The first round were all of the small things, which went over well. Then we put up the first piñata. We arranged the kids in order of height and got through about 8 kids (out of 57!) before a freakishly strong 5 year old took it out. We strung up the second and instituted a 3 hit maximum. I was in charge of keeping kids in line and choosing the next tallest kid to hit the damn thing and they were all yelling at me. I guess there was some concern that the older kids wouldn’t get to hit the piñata at all. It’s not my fault these kids chug milk and have been bitten by radioactive spiders or something!

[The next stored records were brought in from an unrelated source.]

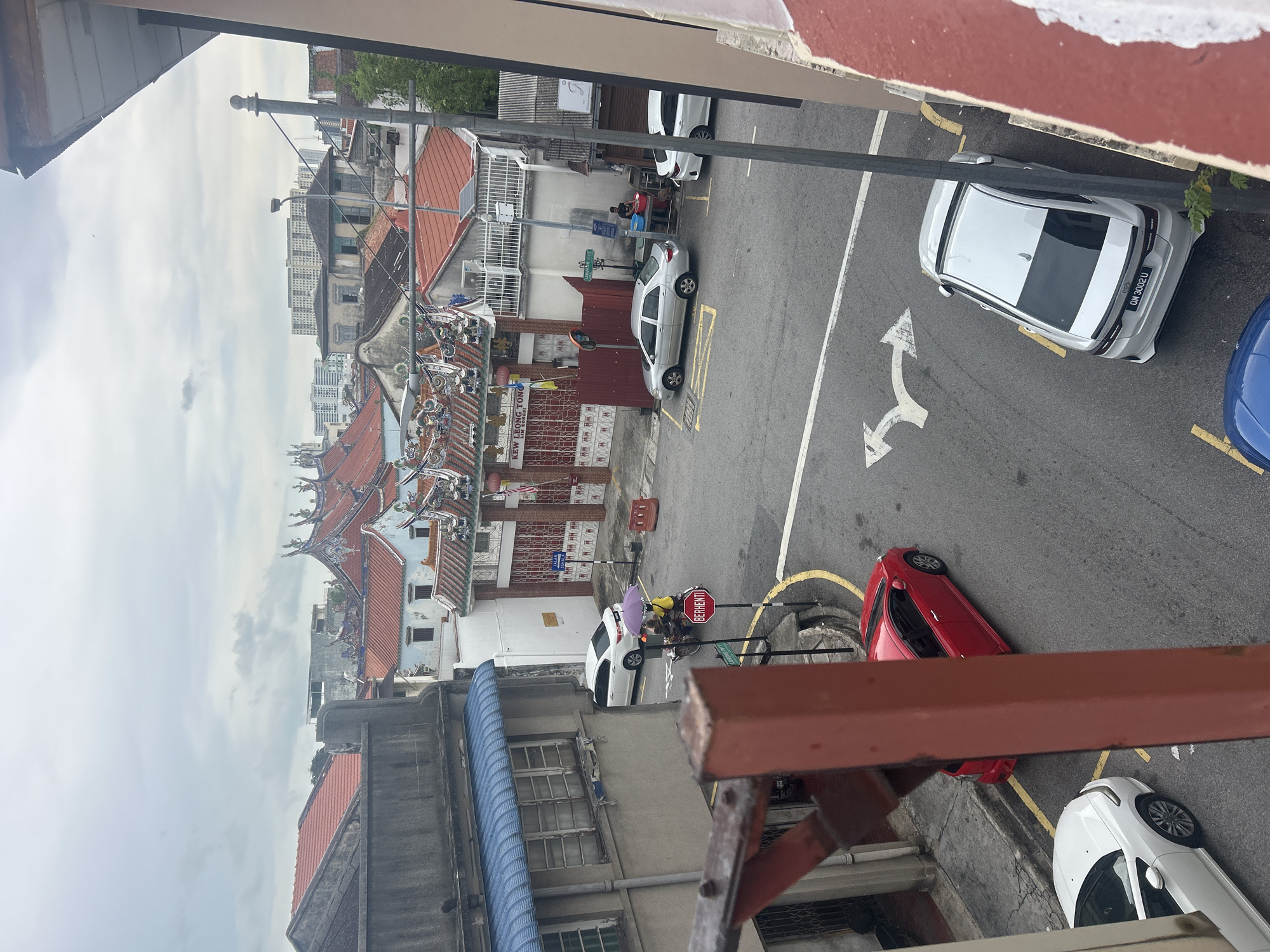 The image captures a street scene in George Town, Malaysia, likely on a cloudy day. In the foreground, a red metal railing partially obstructs the view. To the left, a white car is parked on a street with a yellow line. Further down the street, a red car is also parked. In the center of the frame, a white car is parked, and beyond it, a silver car is visible. A person is standing near a blue tub beside a building with the sign "KEW LEONG TONG 1980". The street is paved with asphalt and marked with white lines. Directly in front of the "KEW LEONG TONG" building, a red gate leads into a courtyard with ornate roof decorations. Various residential and commercial buildings with terracotta tile roofs are visible in the background, with a taller modern building in the distance. A street light is present on the right side of the image.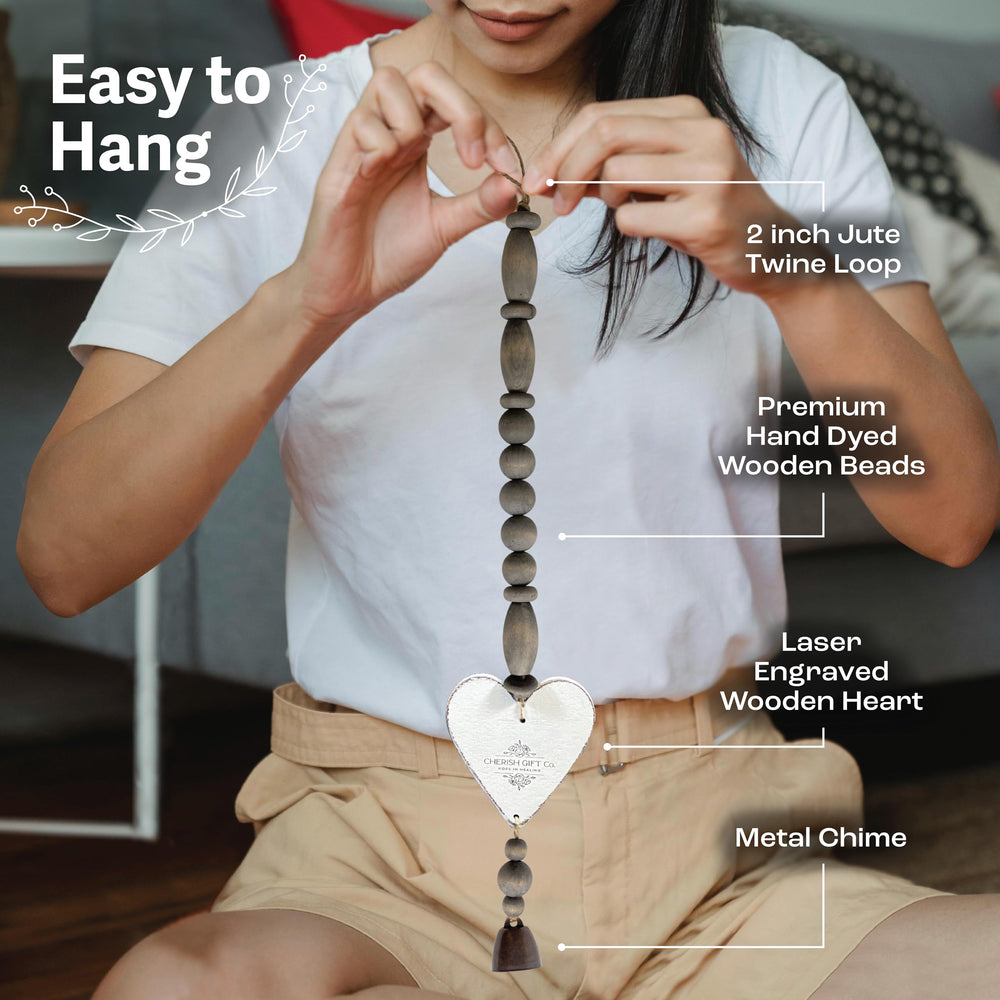 Cherish Gift Co. wind chime hanging on a porch creating gentle comforting sounds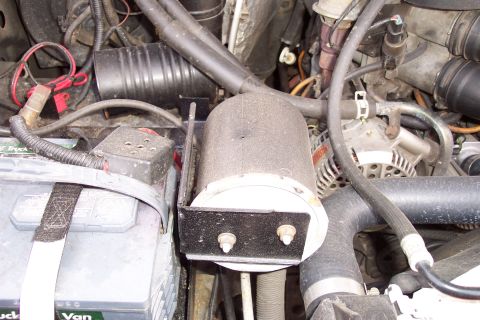 1995 Ford Bronco - had to relocate the filter for the air pump from the wheel well to the side of the tray. I reused the bracket and welded a support onto it…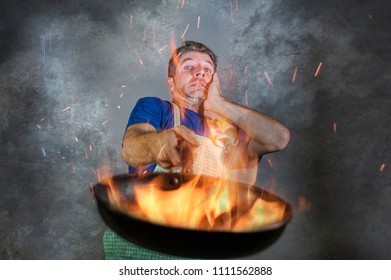 Young Attractive And Shocked Messy Home Cook Man With Apron Holding Pan In Fire Burning The Food In Kitchen Disaster And Unskilled And Unexperienced Terrible Home Cook At Domestic Cooking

I had to remove the bat from the kids and lots of them kept trying to hit it after their 3 strikes. I almost got clobbered a few times. PowerBuilder was raising and lowering the pinata and straining against it. Maybe we overstuffed poor Dora the Explorer. He kept telling the kids to stop while holding Dora out of their reach and giving me worried glances while I darted in and snatched the bat from a crying child. Fun!

After only 7 more kids, this piñata cracked open too! Now I was getting really worried. We’d gone through 15 kids and 2 piñatas, we only had 1 piñata left. We had 57 kids and about 12 drunk adults in line. Oh fuck berries! Our last piñata was Harry Potter. We tried, and I mean really tried to keep the kids in check. I guess most of these kids must be baseball players (and quite possibly be using illegal steriods!). At the 24th kid, Harry came crashing down. He actually hadn’t broken open, we’d overstuffed the damn thing and the hook hadn’t been able to hold the weight. So PowerBuilder ripped open Harry’s chest in a very manly move and the kids went wild. I thought for a moment there that I would be crushed by a bunch of munchkins. Can you picture my obituary? Or better yet, how my death would be reported?

Local Party Goes From Sweet to Sour

Tragedy strikes Anonymous Software Company when an employee was crushed by rabid children during piñata play. Candy ruled inedible due to copious blood contamination. Children revolt as total anarchy decends upon the scene.

After that PowerBuilder and I descended upon the bar and had a few tequila sunrises and some beers. I think he was suffering from PTSD at that point – he kept saying “I’m so glad I don’t have kids, did you see them? Damn piranhas!” over and over. I just nodded and ordered another Corona. Meanwhile there were crying kids everywhere – they didn’t get enough candy or a chance to hit the piñata. Life’s tough, get a helmet!

After announcing the second round of prizes which included the coveted expensive prizes (I didn’t win…), there was a mass exodus to leave the picnic. PowerBuilder and I sat down to eat our ice cream (we missed the ice cream bar while we were announcing the prize winners) and gave a sad look around. Time to clean up! After we had finished, we both dragged ourselves to our cars and fist bumped. Long day. Many screaming kids. The ice cream was delicious.